NIH3T3 cells were seeded on six-well plates and grown to 70-80% confluency. For each experiment, three independent six-well plates were transfected with increasing amount of plasmids with Lipofectamine 2000 Transfection Reagent (11668027, ThermoFisher) following the manufacturer's recommendations. After 2 days, cells were harvested, total RNA was extracted with peqGOLD RNApure (30-1020, PeqLab) and first-strand cDNA synthesis was performed with RevertAid reverse transcriptase (EP0441, ThermoFisher). To quantify Myocd expression in NIH3T3 cells, a semi-quantitative PCR was established with Myocd-specific primers (forward, TGAGACTCACCATGACACTCC; reverse, TGGCGGTATTAAGCCTTGGT), and adjustment of the number of cycles to the mid-logarithmic phase. Annealing was performed at 56°C for 20 s, extension at 72°C for 20 s with 25-30 cycles. Quantification was performed with ImageJ (Schneider et al., 2012). Gapdh was used for normalization (Tanimizu and Miyajima, 2004).

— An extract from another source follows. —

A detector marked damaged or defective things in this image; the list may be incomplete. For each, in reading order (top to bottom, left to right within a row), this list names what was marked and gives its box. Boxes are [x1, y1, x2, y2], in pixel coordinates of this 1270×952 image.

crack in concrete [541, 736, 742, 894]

For statistical analysis, the two-tailed Student's t-test was performed and the data were expressed as mean±s.d. For relative analyses, wild-type values were set to 1. Differences were considered significant at *P<0.05, highly significant at **P≤0.005 and extremely significant at ***P≤ 0.0005.

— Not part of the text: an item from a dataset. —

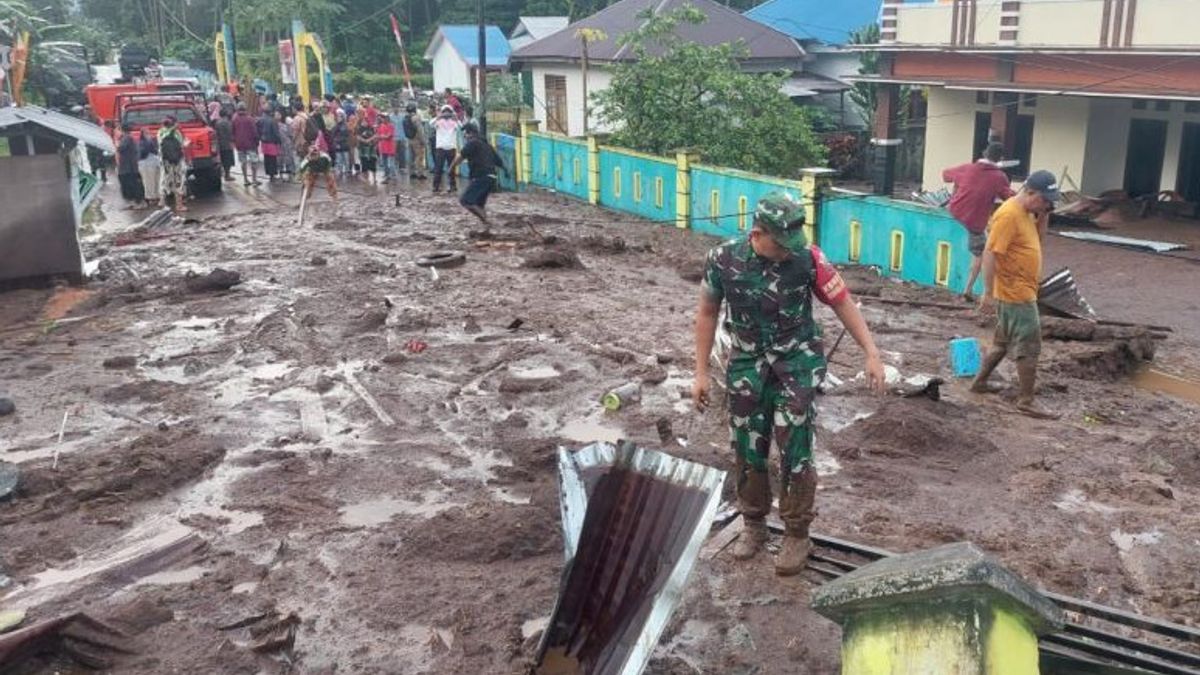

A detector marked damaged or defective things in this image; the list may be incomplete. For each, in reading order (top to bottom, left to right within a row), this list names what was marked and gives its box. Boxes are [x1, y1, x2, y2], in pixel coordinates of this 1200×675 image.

Sections and organ cultures were photographed using a DM5000 microscope (Leica Camera) with Leica DFC300FX digital camera or a Leica DM6000 microscope with Leica DFC350FX digital camera. Urogenital systems were documented using a Leica M420 microscope with a Fujix HC-300Z digital camera (Fujifilm Holdings). Whole-mount in situ hybridization of cultured kidney rudiments were documented using a Leica Z6 APO microscope with a Leica DFC420C digital camera. Figures were prepared with Adobe Photoshop CS3 and CS4.

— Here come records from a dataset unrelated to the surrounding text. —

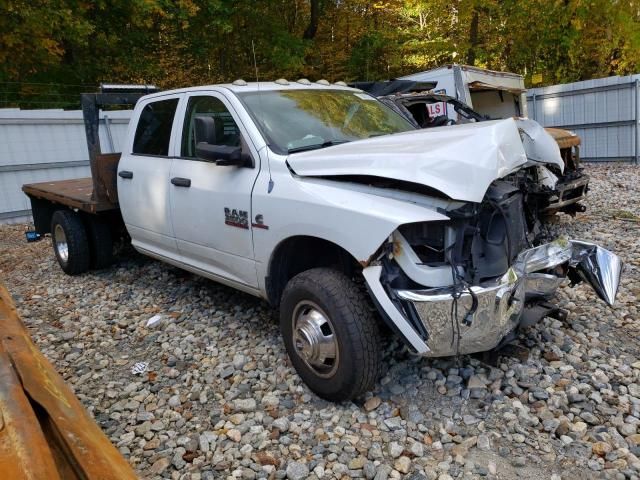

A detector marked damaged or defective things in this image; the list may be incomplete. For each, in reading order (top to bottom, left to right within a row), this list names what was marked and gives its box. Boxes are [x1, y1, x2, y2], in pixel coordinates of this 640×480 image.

torn sheet metal [288, 120, 528, 204]
crumpled hood [290, 120, 528, 204]
detached bumper piece [0, 284, 136, 478]
torn sheet metal [0, 284, 138, 478]
rusty metal beam [0, 284, 139, 478]
detached bumper piece [364, 239, 620, 356]
crushed front bumper [364, 239, 620, 356]
damaged front end [362, 181, 624, 356]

We thank Rolf Kemler, Rolf Zeller and Brigid Hogan for mice; Swagata Goswami, Patricia Zarnovican and Imke Peters for help; Rita Gerardy-Schahn for lab space; and the Research Core Unit Transcriptomics of Hannover Medical School for microarray analysis. Some data of this study form part of a PhD thesis (J.K., Gottfried Wilhelm Leibniz Universität Hannover, 2021).